Music and dance in a Lake work influence each other, thanks to her successful ongoing working relationship with Fox. The pair met when Lake was making the work Mix Tape for Chunky Move at the Malthouse Theatre in 2010. She persuaded him to record one of the interviews to be used in the work.
“It was just an instant ‘click’,” Lake recalls. “I remember meeting him in the line to get a coffee at the cafe at Malthouse there and we got chatting and it was instant. I thought, What a great person, I would definitely like to collaborate with him one day.
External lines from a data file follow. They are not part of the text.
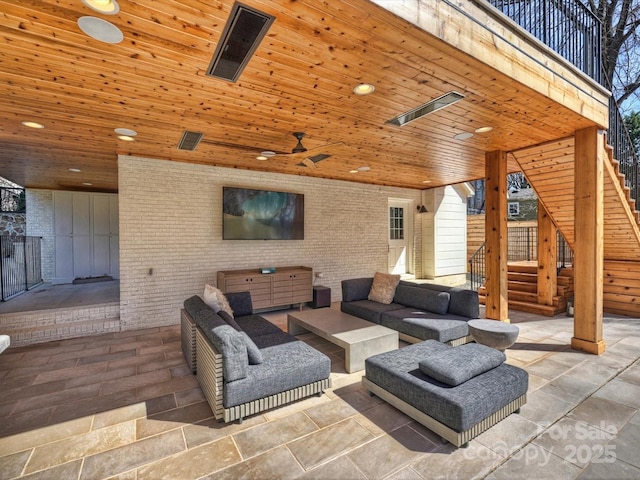 view of patio featuring an outdoor hangout area, stairway, and a ceiling fan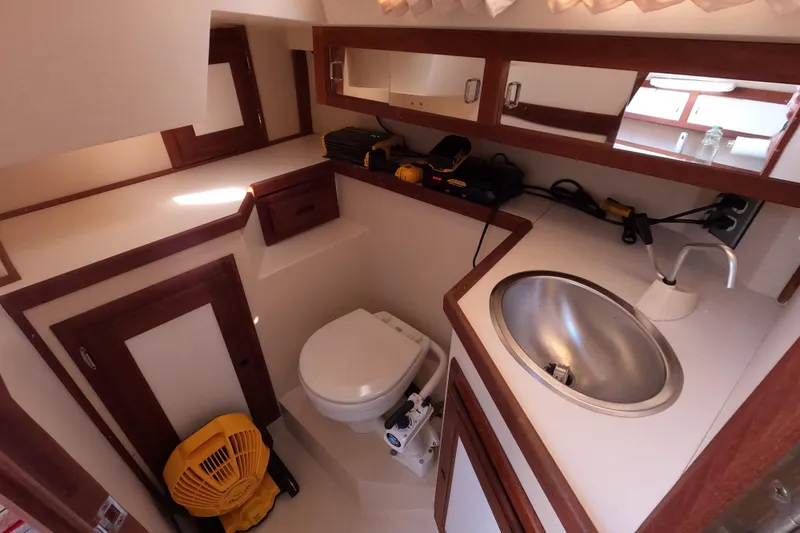 Slide: The Image of Interior of 1990 Catalina Capri 26 sailboat bathroom with sink and toilet. - 15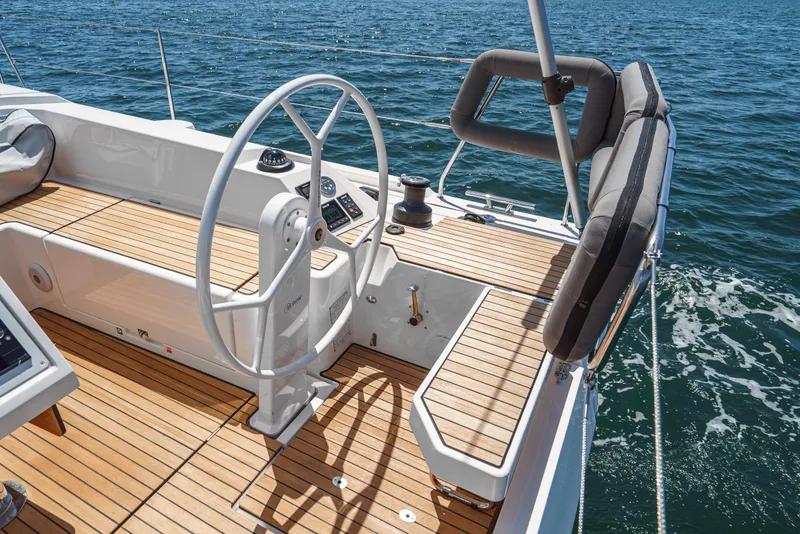 Slide: The Image of 2024 Bavaria C42 yacht helm with teak deck, steering wheel, and ocean view. - 15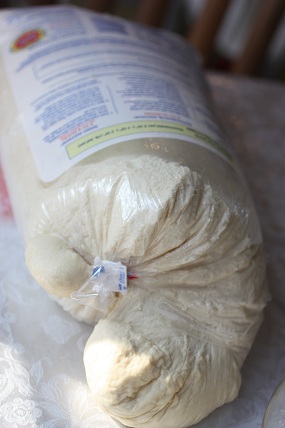 bread dough over rising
“I wasn’t looking for a partner; I was turned off all of that. I was not looking for that at all. But the connection was just undeniable. So, I interviewed him for Mix Tape, which is a piece about romantic love and other types of love and I was trying to process all of that.
“His voice ended up in the work, and many of his personal belongings ended up in the set for the work, because he was moving to Germany and getting rid of all his reel-to-reel and tape machines and record-players, so even though he was an acquaintance, he was embedded into this piece I was making about love. Then we ended up falling in love and working together for the last 14 years.”
Fox was a “very open” interview subject, Lake recalls with a laugh. “That’s attractive to me. I found that quite extraordinary,” she says. “Now I know him so well, he is almost too open. He connects with people very easily and is very good at getting other people to talk about themselves, as well. There’s an amazing connection and intimacy – it’s unique.”
The ability to critique one another’s work has been a key factor in their partnership. “We can be very honest with each other. He’s never hurt my feelings, put it that way. Ever. He’ll go, ‘Sweetheart, there are just a couple of clanger moments, do you want me to tell them?’ And I’ll go, ‘Yes, tell me!’
“The clanger moments are when he’d felt a bit of a cringe. I’ll go, ‘Yep, I know what you mean’, or – and this has happened quite a bit – I’ll say, ‘Yep, I hear you, I totally disagree, it’s going to be good, trust me.’ ” She laughs. “He’ll then go, ‘You were right.’ ”
This article was first published in the print edition of The Saturday Paper on November 9, 2024 as "Full circle".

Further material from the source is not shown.